I had the honor of representing Digital Promise at the 13th annual mEducation Alliance Symposium. This year’s symposium, “Inspiring the Next Generation of STEM Leaders – Everywhere!,” was the first global STEM education event bringing together stakeholders from developed and developing countries. Sessions focused on approaches to ensuring that STEM education is engaging, equitable, relevant, and accessible for all learners in every location, including very low-resource settings.

As part of that conversation, I presented alongside Suzanne Cole, director of operations at Blue Butterfly Collaborative, on the work of Digital Promise and Blue Butterfly to bring blended learning to primary schools in rural Haiti using interactive, mother-tongue digital science content.

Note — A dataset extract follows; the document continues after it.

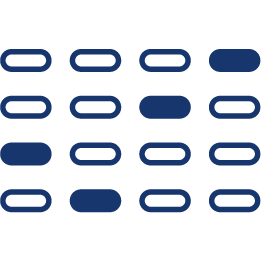 Optical Mark Recognition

Over the course of the symposium, I also attended a number of engaging presentations and discussions focused on STEM technology, engagement, and accessibility. Three key takeaways emerged for me from these sessions:

  1. There is an opportunity for mobile technologies to boost learning outcomes for all children, including the most marginalized children, when we design for and with these learners.
  2. STEM activities don’t need to be technologically complex to promote student engagement and improved learning outcomes.
  3. There is a proliferation of digital open education resources (OERs) being developed around the world, but education providers need support to navigate, curate, adapt, and integrate these digital resources for local use.